DATA SUPPLIED —

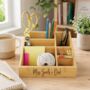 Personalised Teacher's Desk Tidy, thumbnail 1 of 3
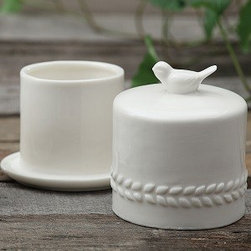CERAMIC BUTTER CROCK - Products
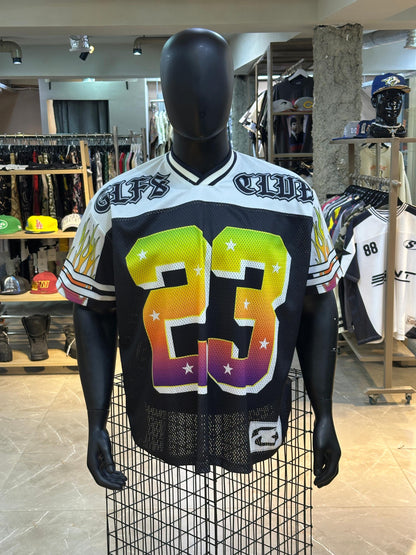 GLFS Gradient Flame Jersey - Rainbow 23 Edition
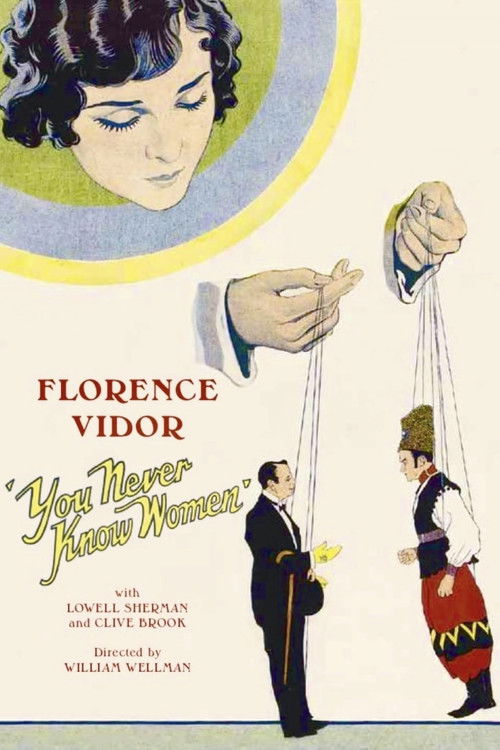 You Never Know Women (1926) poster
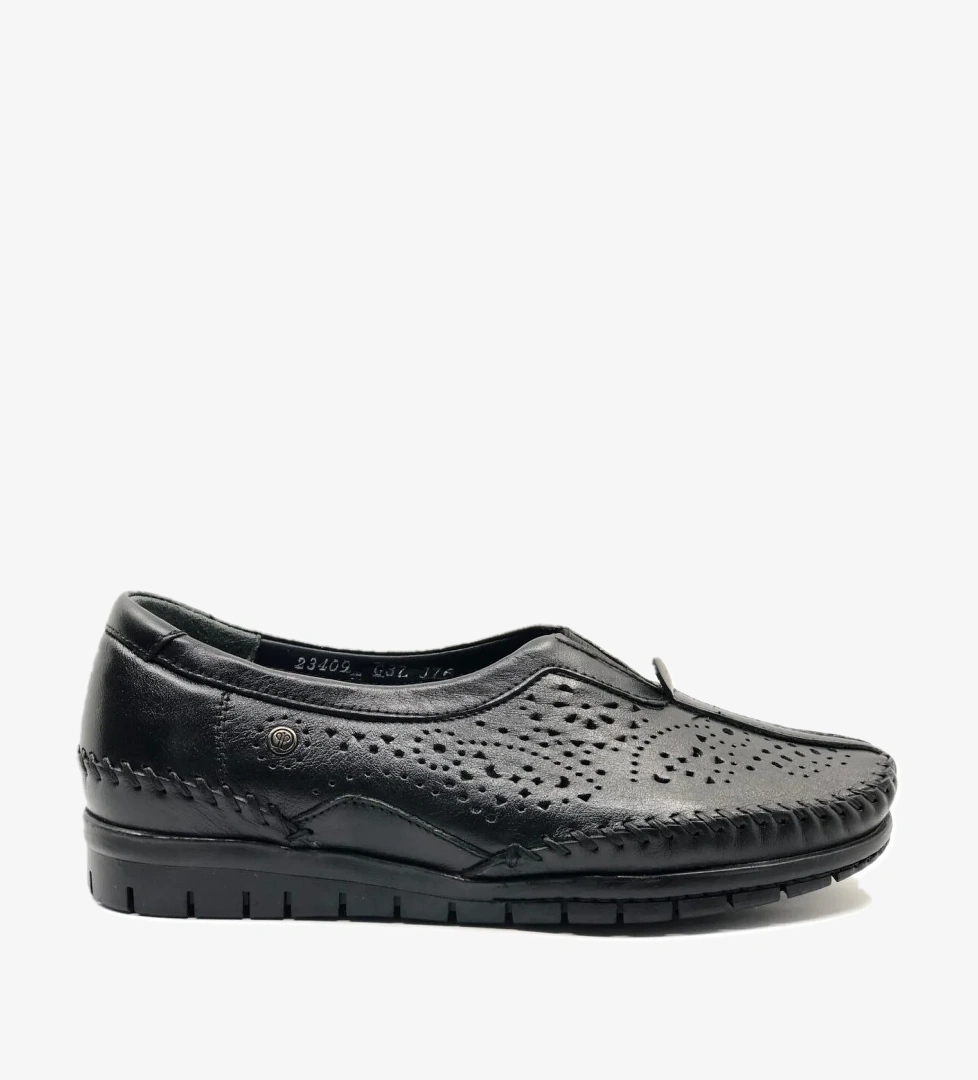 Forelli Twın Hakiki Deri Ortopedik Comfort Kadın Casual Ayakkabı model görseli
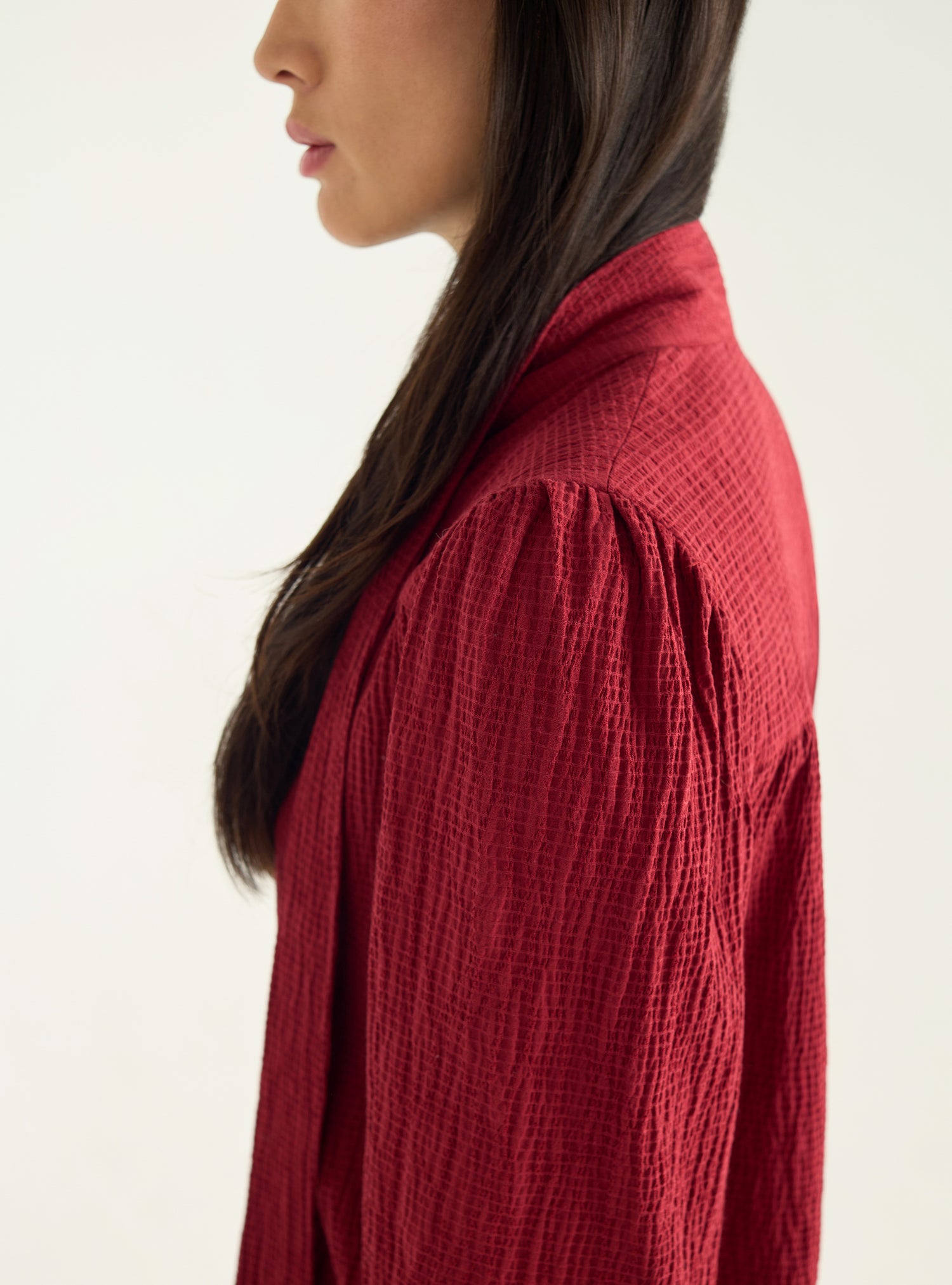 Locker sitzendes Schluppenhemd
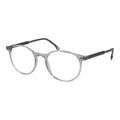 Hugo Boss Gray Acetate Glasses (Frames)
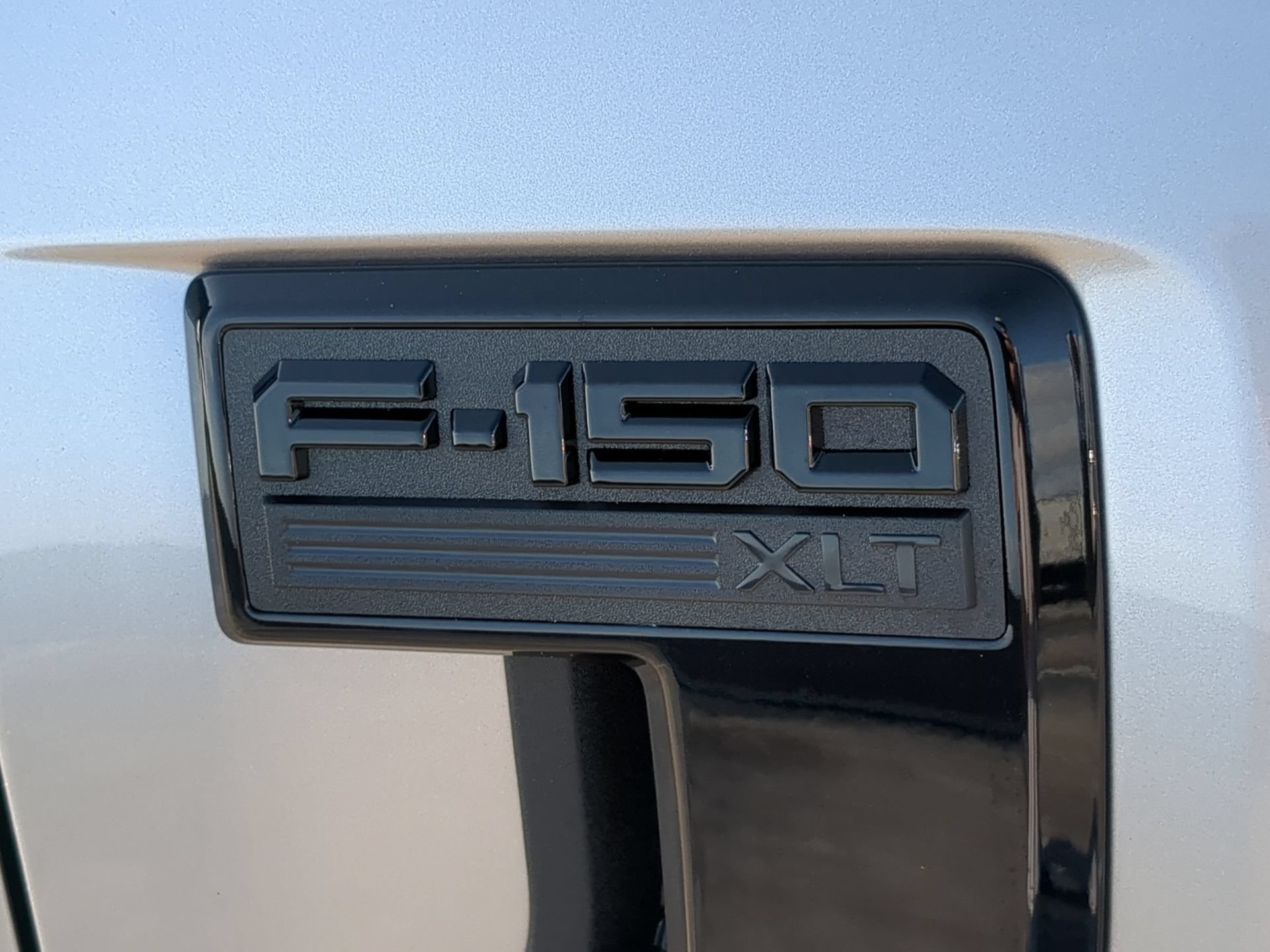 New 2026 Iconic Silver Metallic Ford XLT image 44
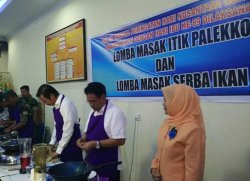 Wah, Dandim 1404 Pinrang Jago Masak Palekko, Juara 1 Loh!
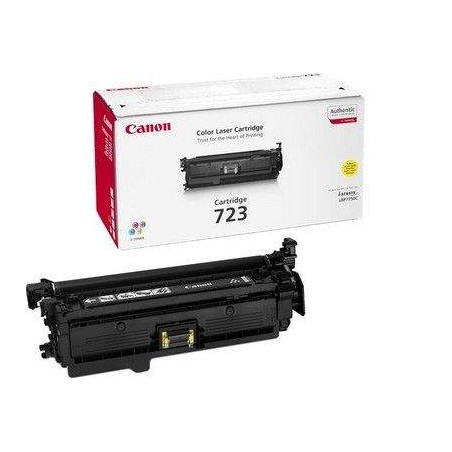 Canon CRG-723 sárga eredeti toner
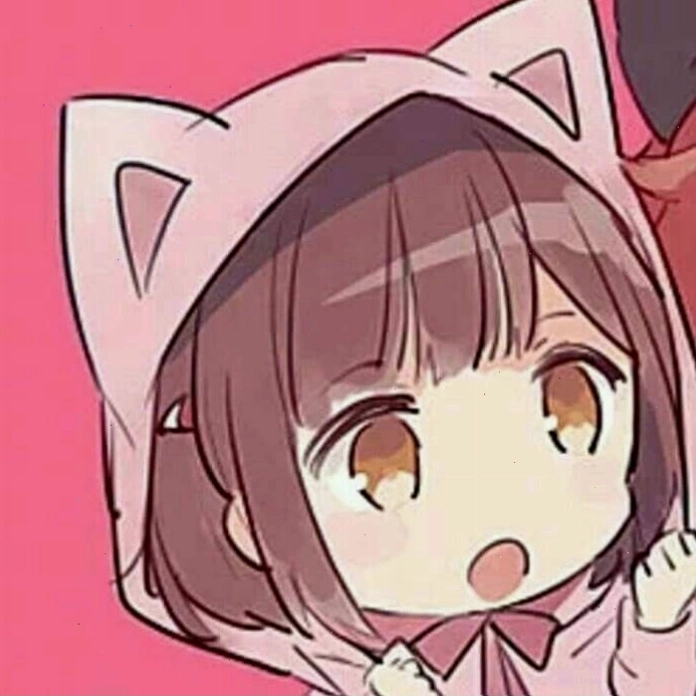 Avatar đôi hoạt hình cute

TASK TO COMPLETE — Set down word for word each line from the one containing "New 2026 Iconic" through the end of the material, and keep the pictures out of it.

PROBLEM SOLUTION —
 New 2026 Iconic Silver Metallic Ford XLT image 44
 Wah, Dandim 1404 Pinrang Jago Masak Palekko, Juara 1 Loh!
 Canon CRG-723 sárga eredeti toner
 Avatar đôi hoạt hình cute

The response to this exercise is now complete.